If the Treasury yield curve were downward sloping, the yield to maturity on a 10-year Treasury coupon bond would be higher than that on a 1-year T-bill.

FALSE

One of the four most fundamental factors that affect the cost of money as discussed in the text is the current state of the weather. If the weather is dark and stormy, the cost of money will be higher than if it is bright and sunny, other things held constant.

FALSE

An upward-sloping yield curve is often call a "normal" yield curve, while a downward-sloping yield curve is called "abnormal."

TRUE

Because the maturity risk premium is normally positive, the yield curve is normally upward sloping.

TRUE

During periods when inflation is increasing, interest rates tend to increase, while interest rates tend to fall when inflation is declining.

TRUE

The four most fundamental factors that affect the cost of money are (1) production opportunities, (2) time preferences for consumption, (3) risk, and (4) inflation.

TRUE

One of the four most fundamental factors that affect the cost of money as discussed in the text is the time preference for consumption. The higher the time preference, the lower the cost of money, other things held constant.

FALSE

Suppose the federal deficit increased sharply from one year to the next, and the Federal Reserve kept the money supply constant.

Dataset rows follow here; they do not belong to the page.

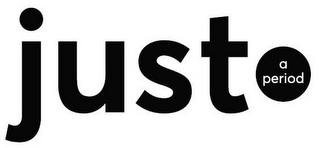 JUST A PERIOD logo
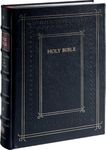 Cambridge KJV Family Chronicle Bible, Black Calfskin Leather over Boards: with illustrations by Gustave Doré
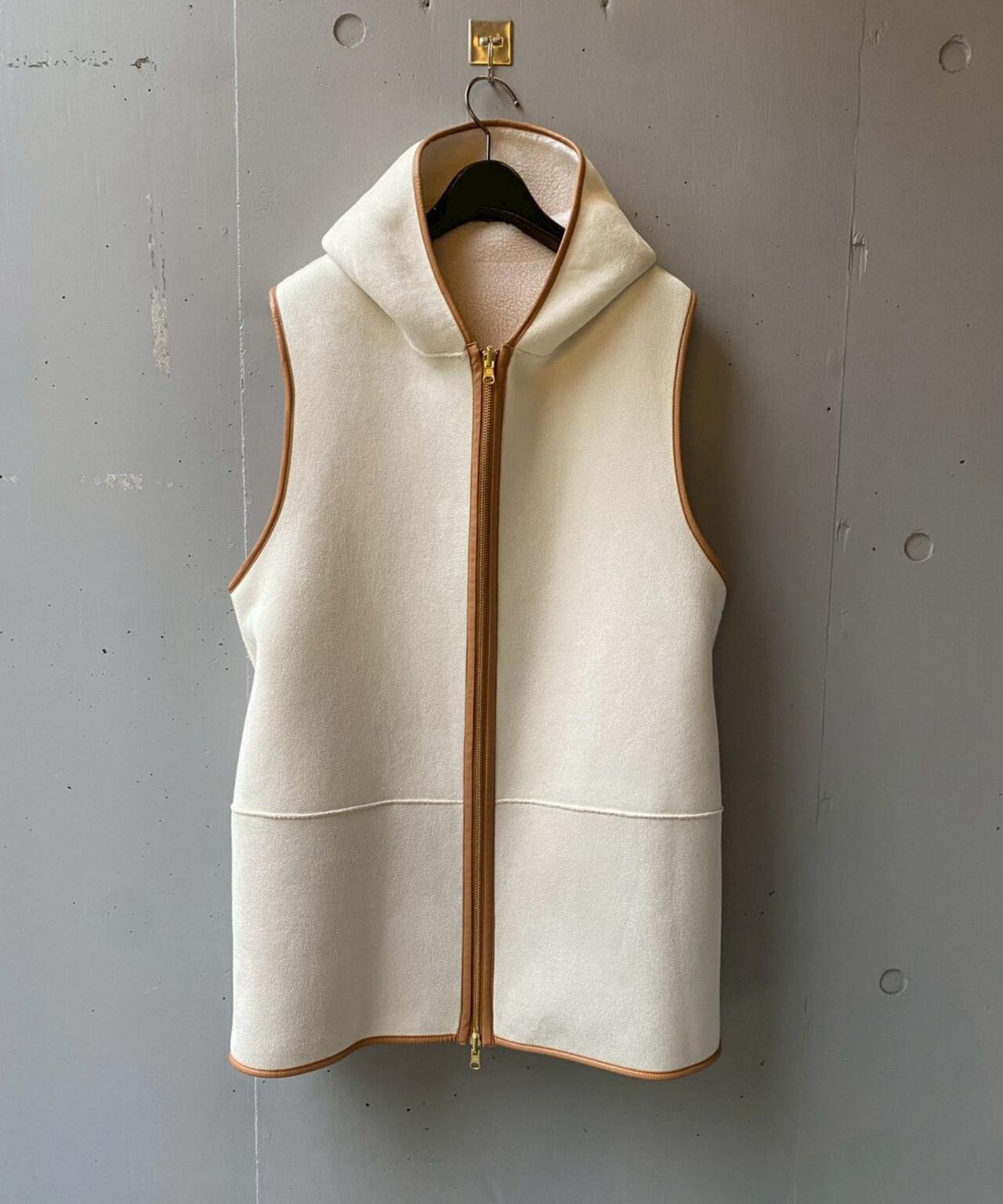 Risley(リズレー) リバーシブルボアベスト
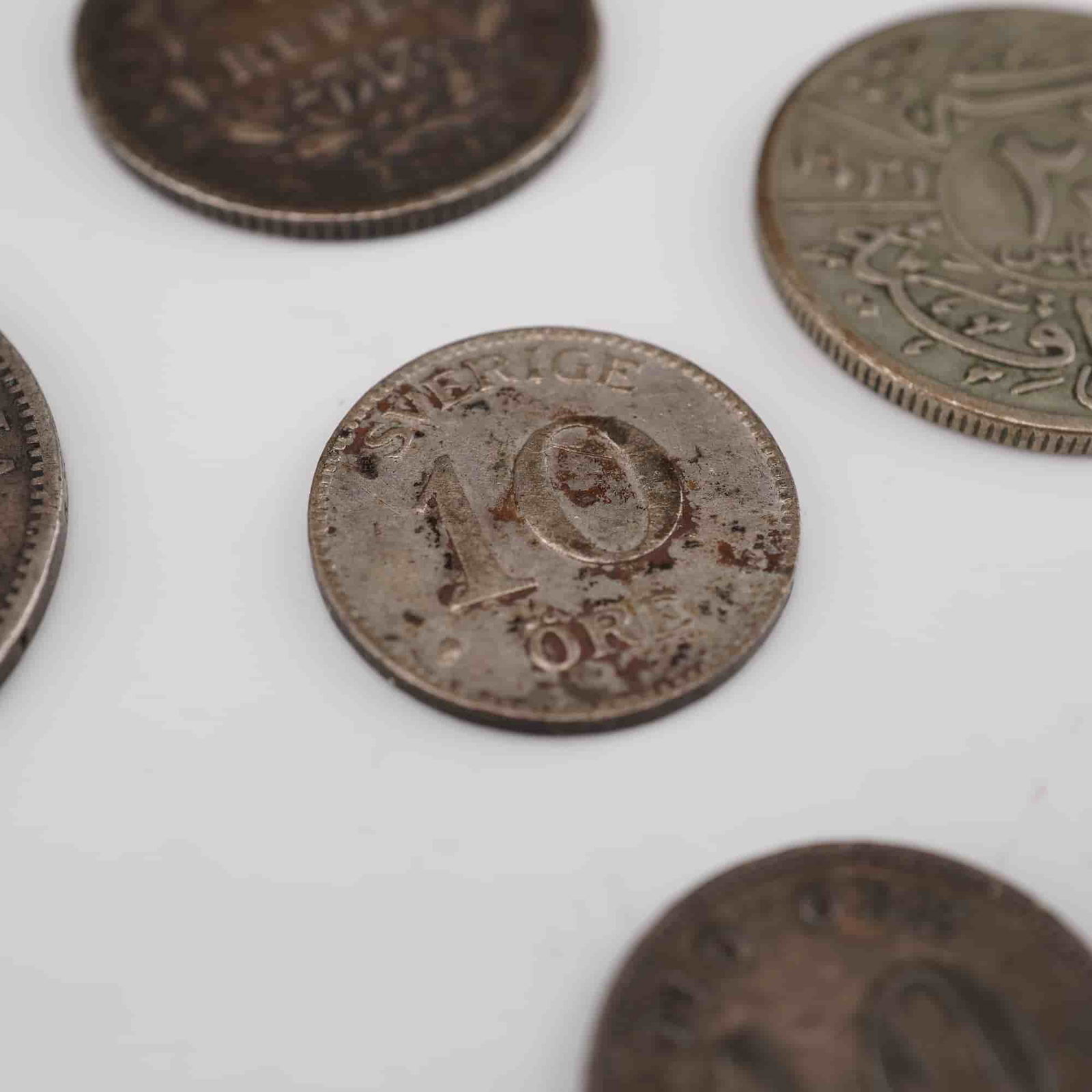 14pc Global Assorted Coins - 4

Other things held constant, we would expect to see interest rates decline.

FALSE

The four most fundamental factors that affect the cost of money are (1) production opportunities, (2) time preferences for consumption, (3) risk, and (4) the skill level of the economy's labor force.

FALSE

The four most fundamental factors that affect the cost of money are (1) production opportunities, (2) time preferences for consumption, (3) risk, and (4) weather conditions.

FALSE

If investors expect the rate of inflation to increase sharply in the future, then we should not be surprised to see an upward-sloping yield curve.

TRUE

If the demand curve for funds increased but the supply curve remained constant, we would expect to see the total amount of funds supplied and demanded increase and interest rates in general also increase.

TRUE

If the pure expectations theory is correct, a downward-sloping yield curve indicates that interest rates are expected to decline in the future.

TRUE

One of the four most fundamental factors that affect the cost of money as discussed in the text is the availability of production opportunities and their expected rates of return. If production opportunities are relatively good, then interest rates will tend to be relatively high, other things held constant.

TRUE

One of the four most fundamental factors that affect the cost of money as discussed in the text is the risk inherent in a given security. The higher the risk, the higher the security's required return, other things held constant.

TRUE

The "yield curve" shows the relationship between bonds' maturities and their yields.

TRUE

The Federal Reserve tends to take actions to increase interest rates when the economy is very strong and to decrease rates when the economy is weak.

TRUE

The risk that interest rates will decline, and that decline will lead to a decline in the income provided by a bond portfolio as interest and maturity payments are reinvested, is called "reinvestment rate risk."

TRUE

The risk that interest rates will increase, and that increase will lead to a decline in the prices of outstanding bonds, is called "interest rate risk," or "price risk."